▶ Requirement: This task requires every entry to be set down again exactly.

:: Information given

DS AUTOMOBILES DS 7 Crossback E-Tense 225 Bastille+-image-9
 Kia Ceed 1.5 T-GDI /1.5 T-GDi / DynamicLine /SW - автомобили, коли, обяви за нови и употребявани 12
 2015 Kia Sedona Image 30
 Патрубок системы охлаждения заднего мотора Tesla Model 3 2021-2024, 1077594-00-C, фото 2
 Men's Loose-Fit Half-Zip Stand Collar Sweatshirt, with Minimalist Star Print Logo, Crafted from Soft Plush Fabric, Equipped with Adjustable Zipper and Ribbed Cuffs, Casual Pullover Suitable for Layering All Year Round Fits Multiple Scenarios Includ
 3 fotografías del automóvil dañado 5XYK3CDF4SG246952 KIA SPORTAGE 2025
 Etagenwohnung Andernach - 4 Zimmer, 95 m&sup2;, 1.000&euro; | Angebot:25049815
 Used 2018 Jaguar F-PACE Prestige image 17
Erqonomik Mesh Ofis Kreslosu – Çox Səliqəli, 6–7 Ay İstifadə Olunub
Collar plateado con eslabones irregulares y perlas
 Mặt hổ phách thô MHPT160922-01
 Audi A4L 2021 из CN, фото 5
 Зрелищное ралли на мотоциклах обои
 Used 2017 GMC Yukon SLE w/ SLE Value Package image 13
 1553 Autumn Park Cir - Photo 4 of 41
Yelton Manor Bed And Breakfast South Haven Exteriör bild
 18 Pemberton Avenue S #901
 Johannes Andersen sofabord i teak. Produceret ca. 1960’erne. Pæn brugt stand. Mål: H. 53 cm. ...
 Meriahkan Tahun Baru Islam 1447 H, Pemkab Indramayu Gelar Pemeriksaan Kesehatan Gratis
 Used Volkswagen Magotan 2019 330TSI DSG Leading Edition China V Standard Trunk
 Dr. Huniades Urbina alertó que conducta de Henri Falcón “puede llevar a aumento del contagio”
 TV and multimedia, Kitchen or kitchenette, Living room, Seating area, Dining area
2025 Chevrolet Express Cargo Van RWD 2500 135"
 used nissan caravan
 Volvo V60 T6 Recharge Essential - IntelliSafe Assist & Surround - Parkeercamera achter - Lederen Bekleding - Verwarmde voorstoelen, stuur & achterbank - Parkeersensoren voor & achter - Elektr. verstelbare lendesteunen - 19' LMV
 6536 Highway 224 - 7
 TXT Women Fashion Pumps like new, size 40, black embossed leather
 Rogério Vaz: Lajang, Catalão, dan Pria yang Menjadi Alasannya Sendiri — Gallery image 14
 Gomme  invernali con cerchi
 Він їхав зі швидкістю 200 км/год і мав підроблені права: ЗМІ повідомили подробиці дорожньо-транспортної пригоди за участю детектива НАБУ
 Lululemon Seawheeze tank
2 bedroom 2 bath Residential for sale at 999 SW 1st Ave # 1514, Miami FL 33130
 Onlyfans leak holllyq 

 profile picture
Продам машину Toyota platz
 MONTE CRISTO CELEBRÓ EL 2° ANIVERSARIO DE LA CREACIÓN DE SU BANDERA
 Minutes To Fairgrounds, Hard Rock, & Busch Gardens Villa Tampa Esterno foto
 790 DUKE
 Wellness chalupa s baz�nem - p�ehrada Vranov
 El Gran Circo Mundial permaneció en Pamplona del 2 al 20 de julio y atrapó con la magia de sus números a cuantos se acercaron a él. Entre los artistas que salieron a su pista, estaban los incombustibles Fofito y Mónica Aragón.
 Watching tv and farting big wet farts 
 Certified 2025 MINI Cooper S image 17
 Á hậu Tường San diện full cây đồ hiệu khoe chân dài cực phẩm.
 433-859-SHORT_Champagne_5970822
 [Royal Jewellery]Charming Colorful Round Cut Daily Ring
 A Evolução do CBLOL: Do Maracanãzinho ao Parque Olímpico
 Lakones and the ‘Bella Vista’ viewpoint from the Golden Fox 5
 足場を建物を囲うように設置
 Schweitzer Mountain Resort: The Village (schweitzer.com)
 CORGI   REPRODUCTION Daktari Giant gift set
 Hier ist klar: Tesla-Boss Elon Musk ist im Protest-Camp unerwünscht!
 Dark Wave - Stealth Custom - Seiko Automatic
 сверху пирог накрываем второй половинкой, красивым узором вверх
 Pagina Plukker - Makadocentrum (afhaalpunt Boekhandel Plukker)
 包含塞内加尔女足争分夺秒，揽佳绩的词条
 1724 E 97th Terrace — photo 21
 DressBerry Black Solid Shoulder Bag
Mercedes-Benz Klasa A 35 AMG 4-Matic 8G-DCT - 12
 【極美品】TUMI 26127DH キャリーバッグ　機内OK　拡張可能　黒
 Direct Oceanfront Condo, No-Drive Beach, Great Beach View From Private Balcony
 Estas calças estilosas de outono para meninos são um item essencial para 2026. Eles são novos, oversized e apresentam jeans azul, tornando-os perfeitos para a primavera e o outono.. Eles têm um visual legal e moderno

::::

▶ Response to this task:
DS AUTOMOBILES DS 7 Crossback E-Tense 225 Bastille+-image-9
 Kia Ceed 1.5 T-GDI /1.5 T-GDi / DynamicLine /SW - автомобили, коли, обяви за нови и употребявани 12
 2015 Kia Sedona Image 30
 Патрубок системы охлаждения заднего мотора Tesla Model 3 2021-2024, 1077594-00-C, фото 2
 Men's Loose-Fit Half-Zip Stand Collar Sweatshirt, with Minimalist Star Print Logo, Crafted from Soft Plush Fabric, Equipped with Adjustable Zipper and Ribbed Cuffs, Casual Pullover Suitable for Layering All Year Round Fits Multiple Scenarios Includ
 3 fotografías del automóvil dañado 5XYK3CDF4SG246952 KIA SPORTAGE 2025
 Etagenwohnung Andernach - 4 Zimmer, 95 m&sup2;, 1.000&euro; | Angebot:25049815
 Used 2018 Jaguar F-PACE Prestige image 17
Erqonomik Mesh Ofis Kreslosu – Çox Səliqəli, 6–7 Ay İstifadə Olunub
Collar plateado con eslabones irregulares y perlas
 Mặt hổ phách thô MHPT160922-01
 Audi A4L 2021 из CN, фото 5
 Зрелищное ралли на мотоциклах обои
 Used 2017 GMC Yukon SLE w/ SLE Value Package image 13
 1553 Autumn Park Cir - Photo 4 of 41
Yelton Manor Bed And Breakfast South Haven Exteriör bild
 18 Pemberton Avenue S #901
 Johannes Andersen sofabord i teak. Produceret ca. 1960’erne. Pæn brugt stand. Mål: H. 53 cm. ...
 Meriahkan Tahun Baru Islam 1447 H, Pemkab Indramayu Gelar Pemeriksaan Kesehatan Gratis
 Used Volkswagen Magotan 2019 330TSI DSG Leading Edition China V Standard Trunk
 Dr. Huniades Urbina alertó que conducta de Henri Falcón “puede llevar a aumento del contagio”
 TV and multimedia, Kitchen or kitchenette, Living room, Seating area, Dining area
2025 Chevrolet Express Cargo Van RWD 2500 135"
 used nissan caravan
 Volvo V60 T6 Recharge Essential - IntelliSafe Assist & Surround - Parkeercamera achter - Lederen Bekleding - Verwarmde voorstoelen, stuur & achterbank - Parkeersensoren voor & achter - Elektr. verstelbare lendesteunen - 19' LMV
 6536 Highway 224 - 7
 TXT Women Fashion Pumps like new, size 40, black embossed leather
 Rogério Vaz: Lajang, Catalão, dan Pria yang Menjadi Alasannya Sendiri — Gallery image 14
 Gomme  invernali con cerchi
 Він їхав зі швидкістю 200 км/год і мав підроблені права: ЗМІ повідомили подробиці дорожньо-транспортної пригоди за участю детектива НАБУ
 Lululemon Seawheeze tank
2 bedroom 2 bath Residential for sale at 999 SW 1st Ave # 1514, Miami FL 33130
 Onlyfans leak holllyq 

 profile picture
Продам машину Toyota platz
 MONTE CRISTO CELEBRÓ EL 2° ANIVERSARIO DE LA CREACIÓN DE SU BANDERA
 Minutes To Fairgrounds, Hard Rock, & Busch Gardens Villa Tampa Esterno foto
 790 DUKE
 Wellness chalupa s baz�nem - p�ehrada Vranov
 El Gran Circo Mundial permaneció en Pamplona del 2 al 20 de julio y atrapó con la magia de sus números a cuantos se acercaron a él. Entre los artistas que salieron a su pista, estaban los incombustibles Fofito y Mónica Aragón.
 Watching tv and farting big wet farts 
 Certified 2025 MINI Cooper S image 17
 Á hậu Tường San diện full cây đồ hiệu khoe chân dài cực phẩm.
 433-859-SHORT_Champagne_5970822
 [Royal Jewellery]Charming Colorful Round Cut Daily Ring
 A Evolução do CBLOL: Do Maracanãzinho ao Parque Olímpico
 Lakones and the ‘Bella Vista’ viewpoint from the Golden Fox 5
 足場を建物を囲うように設置
 Schweitzer Mountain Resort: The Village (schweitzer.com)
 CORGI   REPRODUCTION Daktari Giant gift set
 Hier ist klar: Tesla-Boss Elon Musk ist im Protest-Camp unerwünscht!
 Dark Wave - Stealth Custom - Seiko Automatic
 сверху пирог накрываем второй половинкой, красивым узором вверх
 Pagina Plukker - Makadocentrum (afhaalpunt Boekhandel Plukker)
 包含塞内加尔女足争分夺秒，揽佳绩的词条
 1724 E 97th Terrace — photo 21
 DressBerry Black Solid Shoulder Bag
Mercedes-Benz Klasa A 35 AMG 4-Matic 8G-DCT - 12
 【極美品】TUMI 26127DH キャリーバッグ　機内OK　拡張可能　黒
 Direct Oceanfront Condo, No-Drive Beach, Great Beach View From Private Balcony
 Estas calças estilosas de outono para meninos são um item essencial para 2026. Eles são novos, oversized e apresentam jeans azul, tornando-os perfeitos para a primavera e o outono.. Eles têm um visual legal e moderno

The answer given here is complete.